Alunni poco concentrati?

Una collega di matematica - in relazione al post del 7 maggio - mi ha mandato questo passo di un libro che ha letto recentemente. Lo pubblico a beneficio di tutti perché affronta in modo interessante l'annoso problema della concentrazione degli alunni:
"Tuttavia, le espressioni della vita vengono spesso considerate ingombranti in un quadro pedagogico. Così, un alunno che «sogna» in classe si espone a dure critiche.

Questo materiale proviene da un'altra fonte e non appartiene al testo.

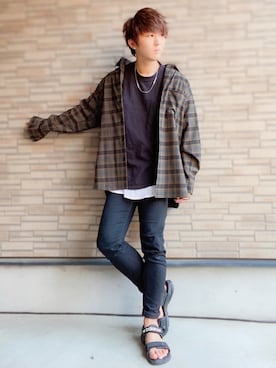 「チェックシャツ」｜「アイテム（タンクトップ）」を使った、だぃすけさん（メンズ・170cm・20代）の夏コーディネート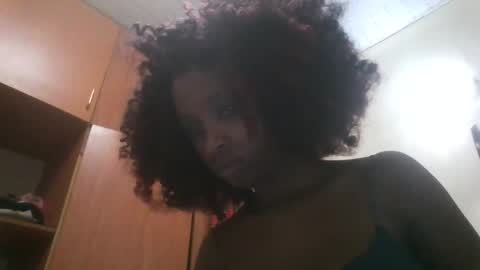 Snapshot of carababey chatting on April 19, 2026, 4:50 pm carababey online show from April 19, 2026, 4:50 pm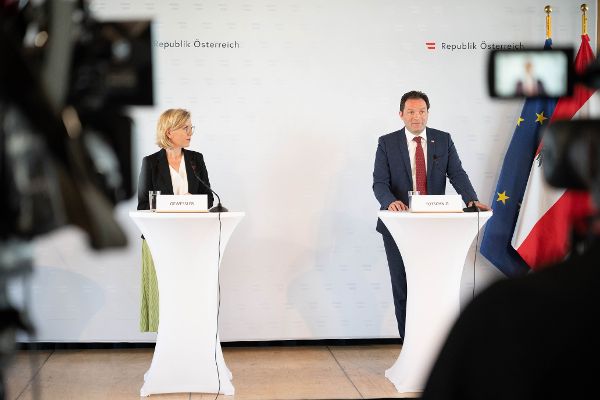 Bundesminister Norbert Totschnig und Bundesministerin Leonore Gewessler bei der Pressekonferenz zu 30 Jahre Umweltförderungsgesetz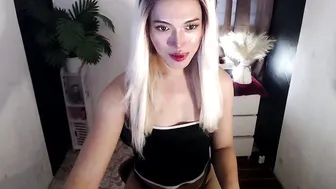 yournaughtykendal recorded nude video 1099975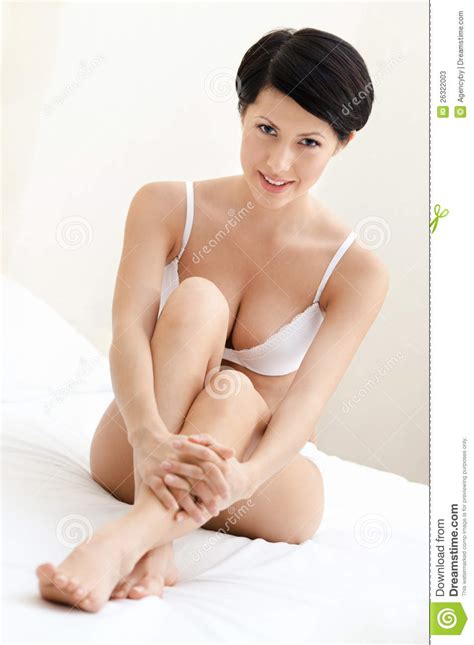 Halfnaked Reizvolle Frau Sitzt Auf Dem Bett Stockbild Bild von büstenhalter attraktiv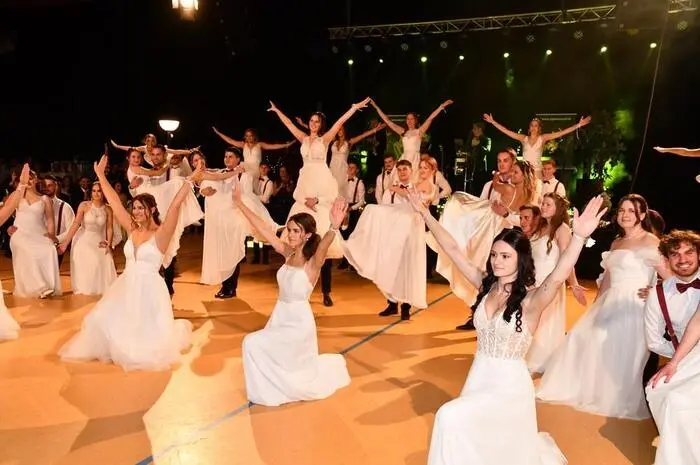 Nach der Vorstellung der Maturantinnen mit ihren Tanzpartnern durch die Klassenvorstände Anita Zangl und Ingrid Unterweger-Diechler wurde der Ball mit einer wunderbaren Polonaise eröffnet. Choreografie: Madeleine Masser von der Tanzschule Dietrich in Judenburg.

Gli si rimprovera di «non essere concentrato», con il pretesto che invece di appassionarsi alla moltiplicazione, al teorema di Talete o alle integrazioni di funzioni, pensa alle sue prossime vacanze, ai suoi primi idilli, ai conflitti che lo contrappongono ai genitori, al disaccordo con il suo migliore amico ecc.

Forse ci si dovrebbe piuttosto congratulare con lui? Ecco un alunno sano che non dimentica di vivere! Ma soprattutto, l’idea della «mancanza di concentrazione» mi pare inappropriata. Mi sembra invece che se un alunno prova il bisogno di immergersi nelle sue «fantasticherie», è spesso perché la materia studiata lo porta troppo lontano da lui stesso. Pensando alla propria vita, alle proprie emozioni, si concentra su se stesso: si ricentra. Così, non si dovrebbe dire che un alunno non riesce a concentrarsi, ma che non riesce a decentrarsi, ad allontanarsi da ciò che è per interessarsi alla lezione.


La tradizione, che contrappone ragione e sentimenti, emozioni e pensiero, «vera vita» e intelletto, è assai resistente. Il ragionamento intellettuale sarebbe per essenza freddo e privo di passione. Ricordo che questo principio costituiva il postulato di base di un test destinato a «misurare il quoziente intellettivo» dei bambini. Si sottoponeva loro un brano che narrava nei minimi particolari delle storie sgradevoli (di malattie, di incidenti, di feriti, non ricordo con precisione). Il bambino doveva lavorare su tale brano - riassumerlo, o forse rimettere le frasi in ordine, anche questo, curiosamente, l’ho scordato. Dato che, come giovane tirocinante psicologa, mi stupivo di quegli orrori, mi spiegarono che tutto l’interesse della prova stava proprio nel carattere sgradevole del brano: si trattava di testare la facoltà del bambino di prescindere dalle proprie emozioni per continuare a riflettere!


Che senso ha immaginare che il pensiero fiorisca quando la vita si ferma? Come sostenere per un attimo l’ideale dell’alunno «automa» che lascerebbe in spogliatoio ciò che è per arrivare a lezione come una pagina bianca, un recipiente vuoto, da riempire? Considerando le emozioni, il tumulto della vita come tante distrazioni, tanti contenuti indesiderabili di cui bisogna fare tabula rasa, si esalta un alunno fantoccio, inerte, morto".